Segment Open

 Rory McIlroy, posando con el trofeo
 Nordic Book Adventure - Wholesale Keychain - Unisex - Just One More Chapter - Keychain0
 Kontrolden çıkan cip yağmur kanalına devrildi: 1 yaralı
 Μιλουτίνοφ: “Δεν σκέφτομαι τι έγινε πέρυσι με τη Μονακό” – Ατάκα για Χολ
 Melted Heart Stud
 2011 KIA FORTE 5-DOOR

Segment Closed

TASK GOAL —
From the data above, copy each line exactly.

FINAL ANSWER —
 Rory McIlroy, posando con el trofeo
 Nordic Book Adventure - Wholesale Keychain - Unisex - Just One More Chapter - Keychain0
 Kontrolden çıkan cip yağmur kanalına devrildi: 1 yaralı
 Μιλουτίνοφ: “Δεν σκέφτομαι τι έγινε πέρυσι με τη Μονακό” – Ατάκα για Χολ
 Melted Heart Stud
 2011 KIA FORTE 5-DOOR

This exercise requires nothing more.